Business confidence up but firms still need cautious approach

Small business confidence is at a one‐year high according to the Federation of Small Businesses, but the situation is still prone to change.

The organisation’s small business index (SBI) was at +12.9 for the second quarter, up from +6 for the first three months of this year and at a high last seen 12 months ago.

Some 35% of businesses report that they expect a boost in performance in the third quarter, while only 24% expect their situation to worsen.

This is a significant improvement from at the end of the first quarter, but uncertainty over Brexit and the state of the economy remains a threat.

That is coupled with rising rates of corporate insolvency among UK businesses, with figures from R3 showcasing a 13% rise in the first three months of 2018.

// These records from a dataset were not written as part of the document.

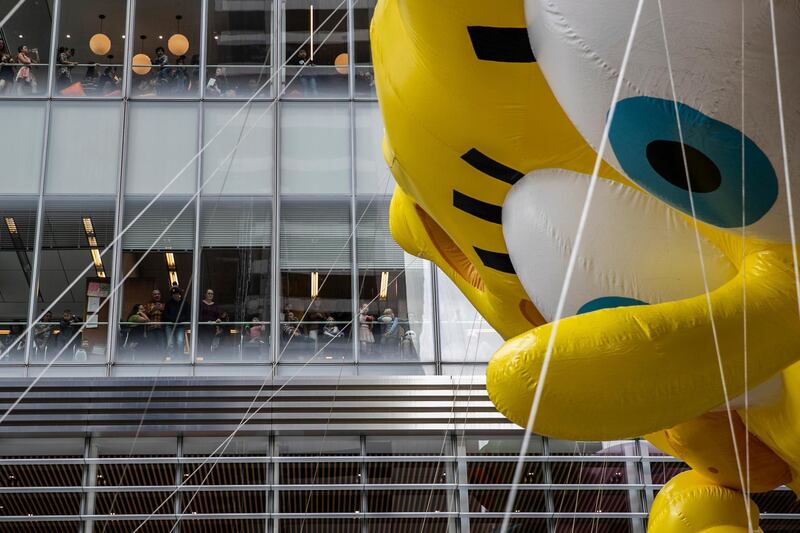 People watch from an office as a SpongeBob SquarePants balloon moves through Sixth Avenue during the Macy's Thanksgiving Day Parade in New York. AP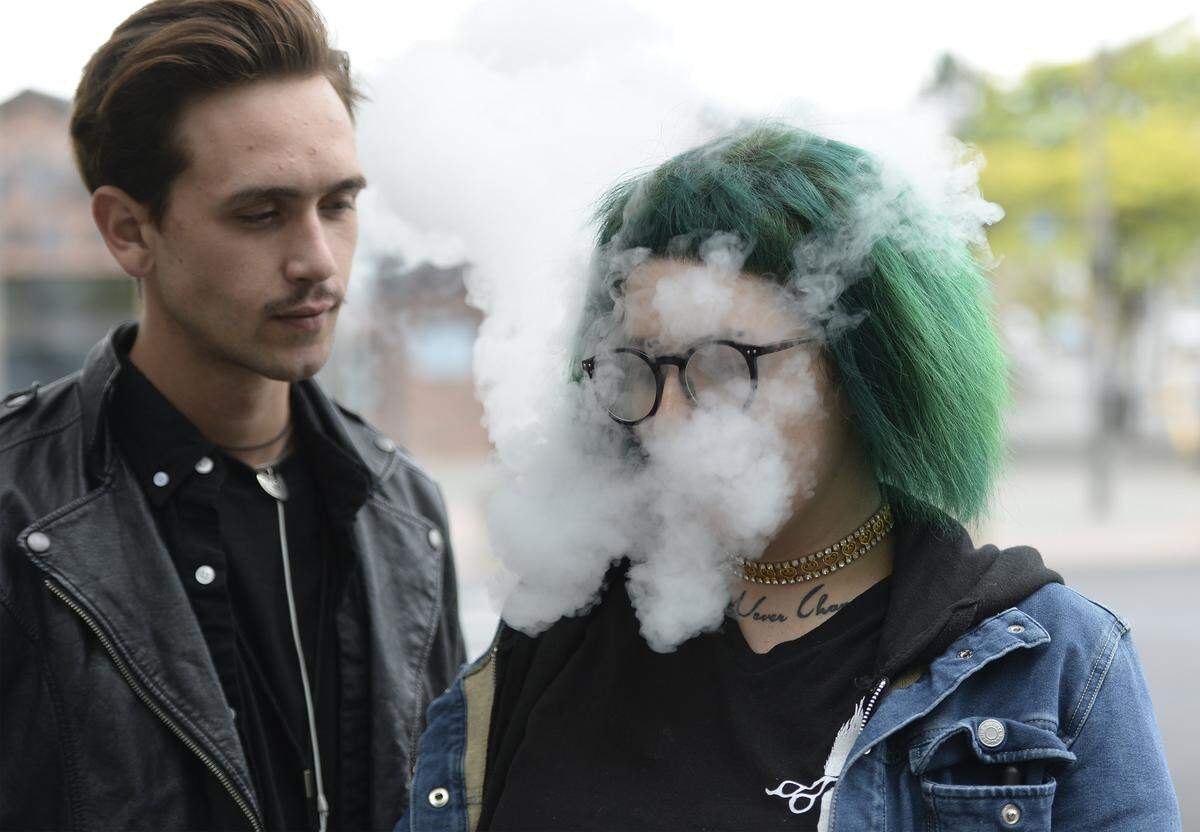 Cooper Lariviere, left, takes a break with his friend Bre Christy, who was vaping in downtown Bellingham Tuesday , Aug. 9, 2016. Christy wasn’t too concerned about a proposal before the County Council to treat vaping like smoking by banning vaping in public places. She said she already makes sure she doesn’t vape around people who are bothered by it.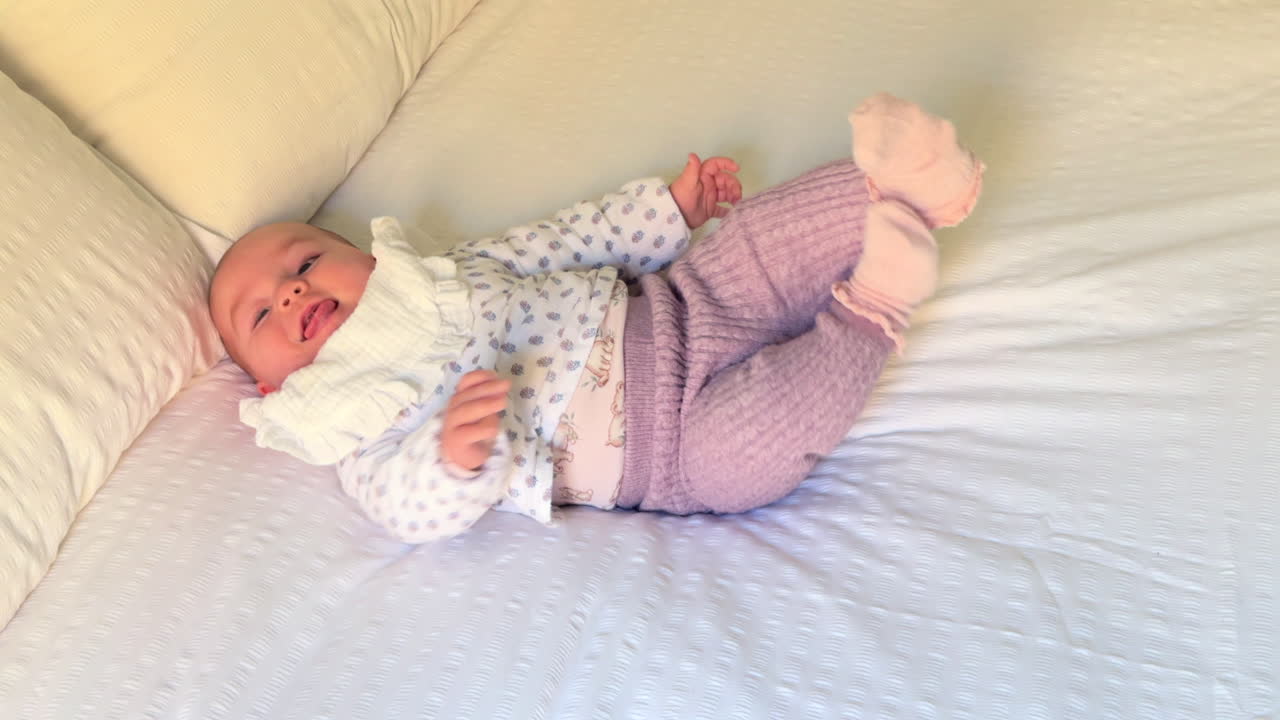 A sweet infant lies on a cozy bed, laughing while playfully moving hands and feet. Dressed in soft, pastel clothes, the little one enjoys a happy moment, creating a heartwarming and tender scene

In positive news for businesses, 62% report that profit levels are at a 12‐month high, while international sales have also increased in more than 80% of cases.

Growth intentions are also up, as nearly nine in ten firms either plan to expand their operations or consolidate their existing position.

The Federation of Small Businesses’ Development Manager for South and East Yorkshire, Claire Reading, said there are many positive signs, despite weak domestic growth.

However, she also warned that a lack of progress with Brexit negotiations could hit confidence hard, especially as small firms are determined to get a deal that works for them.

Businesses also view General Data Protection Regulation as a barrier to growth, as 29% of firms now view it that way, up from 19% one year ago.

However that is some way behind the domestic economy, as 57% of companies list it as a predominant issue, while a lack of skilled staff and rising labour costs were other commonly listed barriers.

The late payment situation in the UK, where firms are owed upwards of £14 billion in unpaid invoices, could also push more businesses towards insolvency.

Any business with concerns over its financial situation should act quickly by seeking appropriate advice into what refinancing and restructuring routes might be available.